Dataset excerpt >>
* * *

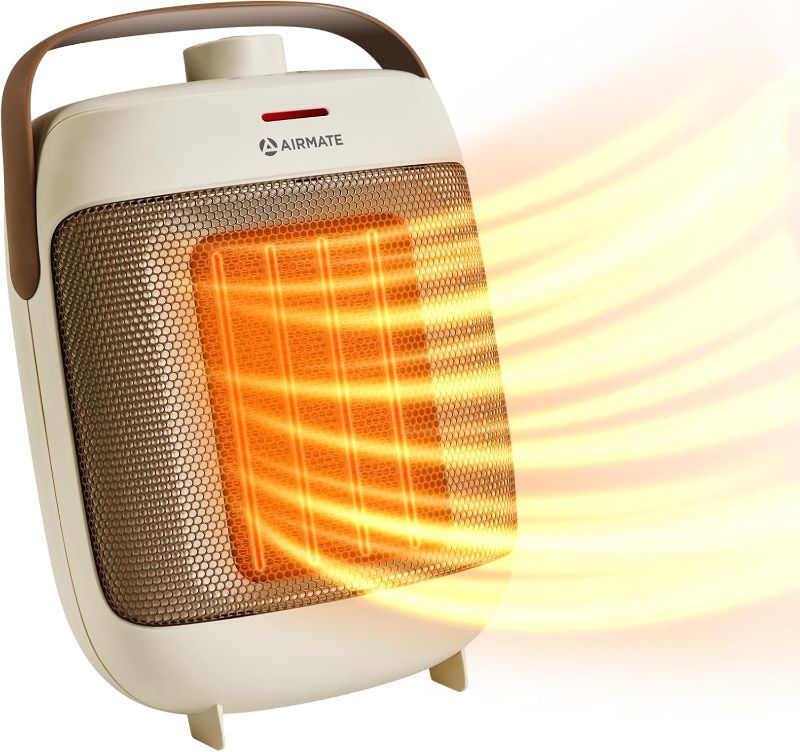 Photo 1 of Airmate 12" Space Heater,Portable Desk Electric Heaters with 2S Fast Heating,1500W PTC Ceramic Small Space Heater,Safe and Quiet Mini Heater for Indoor,Bedroom,Desk,Office,White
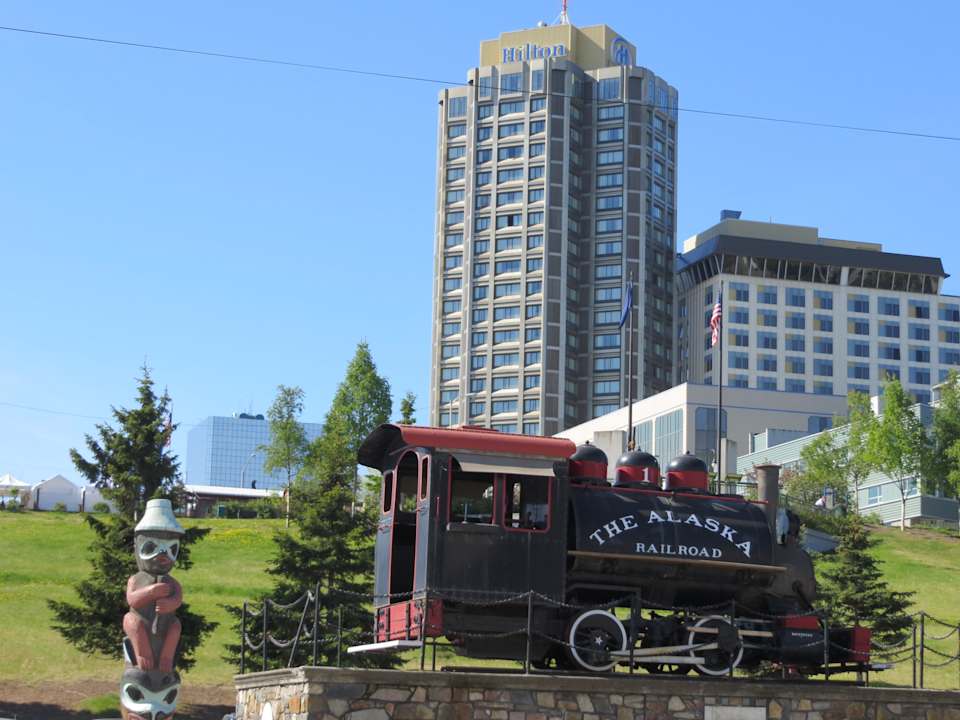 Hilton vom Bahnhof Alaska-Railroad  Hotel Hilton Anchorage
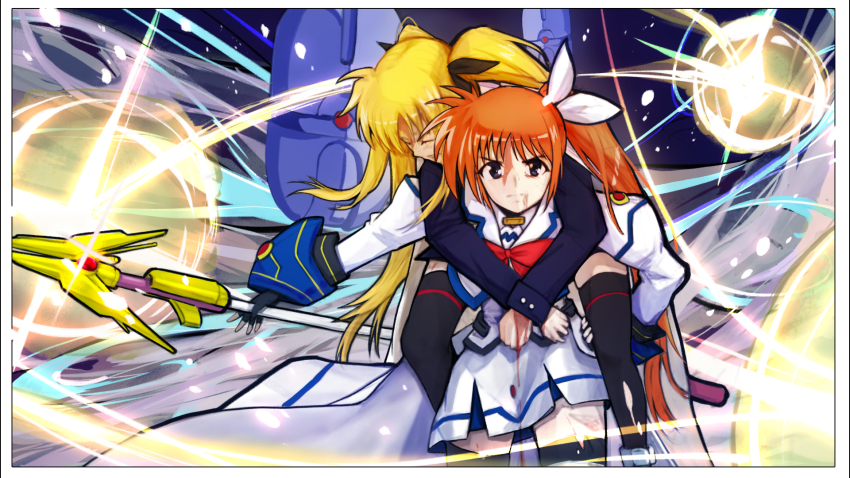2girls angry battle blonde_hair blood brown_hair carrying clenched_teeth couple fate_testarossa fate_testarossa_(impulse_form) highres injury jacket long_hair lyrical_nanoha mahou_shoujo_lyrical_nanoha mahou_shoujo_lyrical_nanoha_strikers multiple_girls piggyback purple_eyes raising_heart raising_heart_(exceed_mode) takamachi_nanoha takamachi_nanoha_(aggressor_mode) teeth twintails user_sjde7774 very_long_hair white_jacket yuri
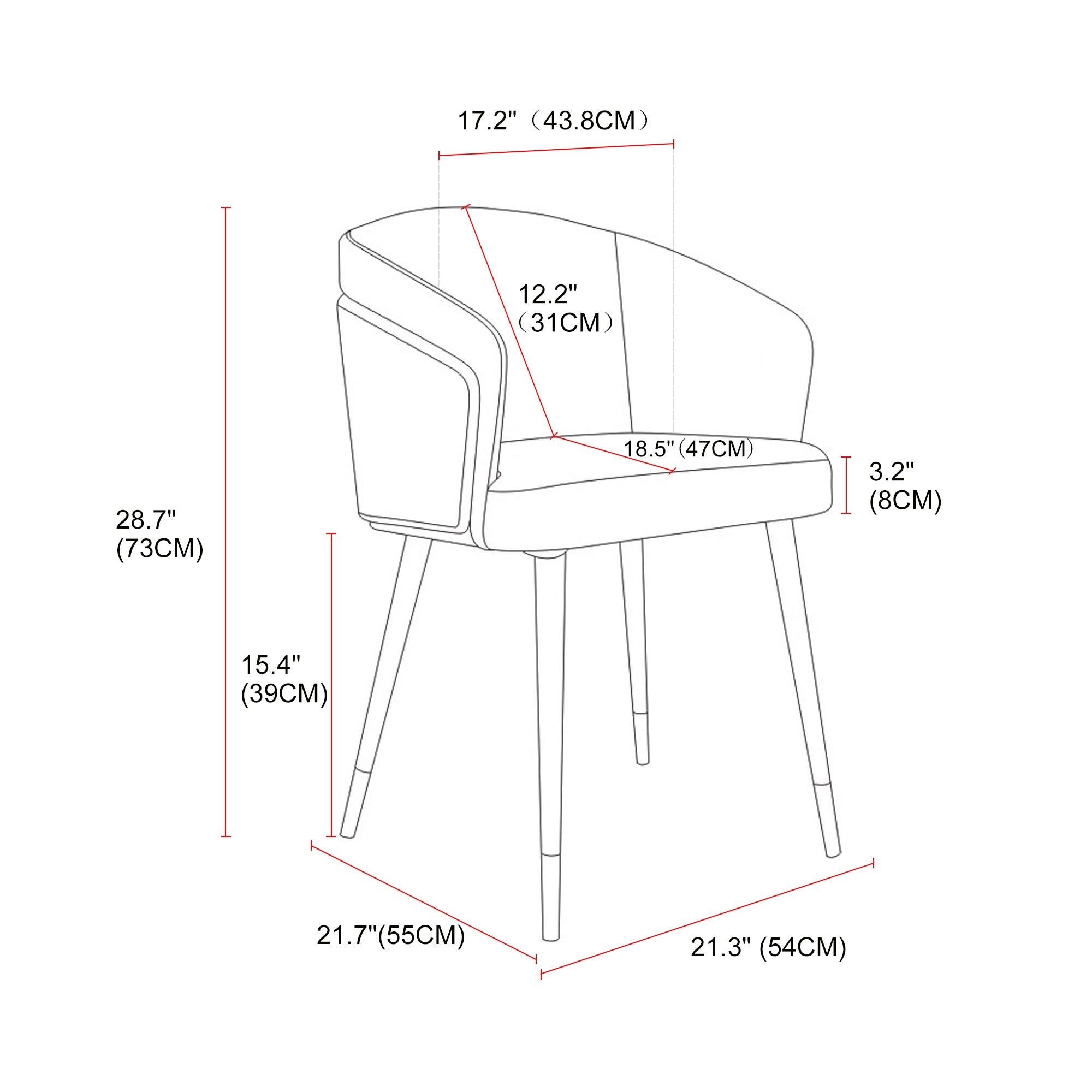 ARTPLAN Dinning Room Accent Chairs For Living Room Arm Chairs For Kitchen Study Room Home Indoor Furniture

* * *

Work required >> Only the pictures are to be left out; print everything else in the listing exactly.

Task response >>
 Photo 1 of Airmate 12" Space Heater,Portable Desk Electric Heaters with 2S Fast Heating,1500W PTC Ceramic Small Space Heater,Safe and Quiet Mini Heater for Indoor,Bedroom,Desk,Office,White
 Hilton vom Bahnhof Alaska-Railroad  Hotel Hilton Anchorage
2girls angry battle blonde_hair blood brown_hair carrying clenched_teeth couple fate_testarossa fate_testarossa_(impulse_form) highres injury jacket long_hair lyrical_nanoha mahou_shoujo_lyrical_nanoha mahou_shoujo_lyrical_nanoha_strikers multiple_girls piggyback purple_eyes raising_heart raising_heart_(exceed_mode) takamachi_nanoha takamachi_nanoha_(aggressor_mode) teeth twintails user_sjde7774 very_long_hair white_jacket yuri
 ARTPLAN Dinning Room Accent Chairs For Living Room Arm Chairs For Kitchen Study Room Home Indoor Furniture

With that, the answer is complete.